The planned moves come despite a rebound in automobile sales in China, fueled by state subsidies and pent-up demand following the country's relative success in containing the coronavirus pandemic.
The companies' plans reflect growing uncertainties felt by businesses across the board amid growing friction between Beijing and major economies around the world, and about the sustainability of China's economic recovery.
"The U.S.-China tension is leading to difficulty in retaining staff," Ker Gibbs, the president of the American Chamber of Commerce in Shanghai, which issued the report, said at a news conference. "The Beijing-Washington dialogue has to work this out [as] it is having an impact on business performance here."
AmCham Shanghai's report said that 43.4% of respondents from the automotive industry said they planned to cut staff. A total of 346 U.S. companies, of which 23 were from the automotive industry, took part in the survey between June 16 and July 16.
As with the automotive respondents, nearly one-third of those who joined the survey said they are considering similar measures to cut costs due to the slowing global economy.
Some 17% of automotive companies are planning to move part of their production out of China, while nearly a third are cutting investment in response to trade tensions and tariff increases.
"Given that COVID-19 and the tariffs have underscored the potential risk of an overexposed supply chain, the small but not insignificant exodus of auto manufacturing was not unexpected," the report said.
This comes despite China's rebound in passenger car sales.

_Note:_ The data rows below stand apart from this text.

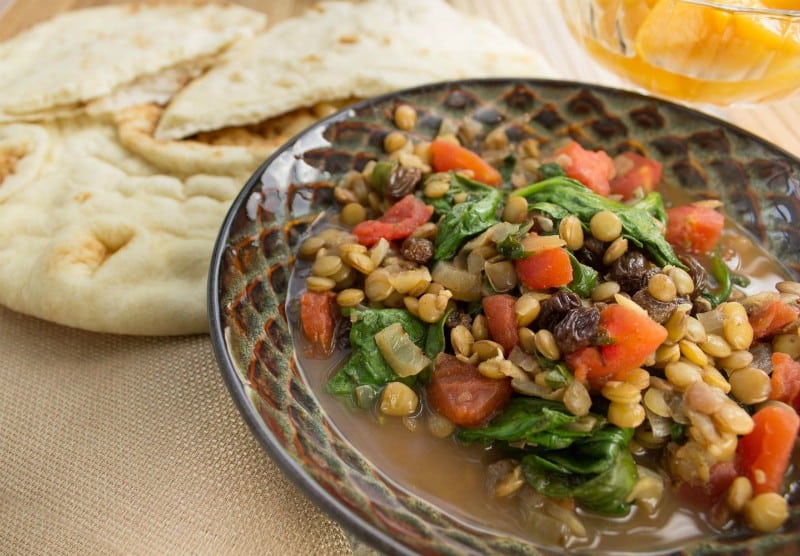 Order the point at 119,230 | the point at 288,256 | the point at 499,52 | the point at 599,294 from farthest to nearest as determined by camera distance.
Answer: the point at 499,52 < the point at 119,230 < the point at 288,256 < the point at 599,294

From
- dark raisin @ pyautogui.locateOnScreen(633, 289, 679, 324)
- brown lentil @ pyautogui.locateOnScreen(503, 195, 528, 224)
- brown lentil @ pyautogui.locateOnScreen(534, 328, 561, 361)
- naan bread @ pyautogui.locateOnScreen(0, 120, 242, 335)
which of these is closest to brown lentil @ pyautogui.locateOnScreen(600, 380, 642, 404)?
brown lentil @ pyautogui.locateOnScreen(534, 328, 561, 361)

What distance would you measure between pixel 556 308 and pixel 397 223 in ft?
3.11

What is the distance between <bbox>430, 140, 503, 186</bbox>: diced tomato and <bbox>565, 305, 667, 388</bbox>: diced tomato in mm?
1300

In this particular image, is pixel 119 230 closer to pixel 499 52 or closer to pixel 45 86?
pixel 45 86

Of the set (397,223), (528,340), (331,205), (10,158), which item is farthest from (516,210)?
(10,158)

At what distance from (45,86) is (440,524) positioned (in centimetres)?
366

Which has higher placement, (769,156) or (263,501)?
(769,156)

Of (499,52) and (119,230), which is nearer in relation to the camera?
(119,230)

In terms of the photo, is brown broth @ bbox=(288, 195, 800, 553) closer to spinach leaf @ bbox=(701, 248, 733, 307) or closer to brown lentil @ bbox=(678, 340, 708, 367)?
brown lentil @ bbox=(678, 340, 708, 367)

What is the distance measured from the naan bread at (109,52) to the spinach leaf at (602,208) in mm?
2683

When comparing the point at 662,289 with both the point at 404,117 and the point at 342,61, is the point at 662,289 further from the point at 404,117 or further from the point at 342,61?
the point at 342,61

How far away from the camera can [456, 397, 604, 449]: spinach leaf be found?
2408 millimetres

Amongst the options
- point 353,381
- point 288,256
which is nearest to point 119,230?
point 288,256

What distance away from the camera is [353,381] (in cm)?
277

Total sales rose 16.4% in July compared with the same month a year before.
Automotive executives' plans to decouple from China reflects risk mitigation rather than calls by U.S. President Donald Trump to do so, as 70.6% of total respondents said their companies will remain in the country.
Even so, the escalating trade tensions that have spilled over to include bans on technology companies and the expulsion of journalists by both countries have weighed on investment decisions by American companies in China.
Only 28.6% said they intend to invest more in China this year, compared with 47.2% last year, as more of the respondents now expect the tensions to continue indefinitely.
"Among the most pessimistic industries were technology, hardware, software and services, and pharmaceuticals," the report said. "The prospect of a dual-technology ecosystem is unsurprisingly worrying for those in the broader information technology industry."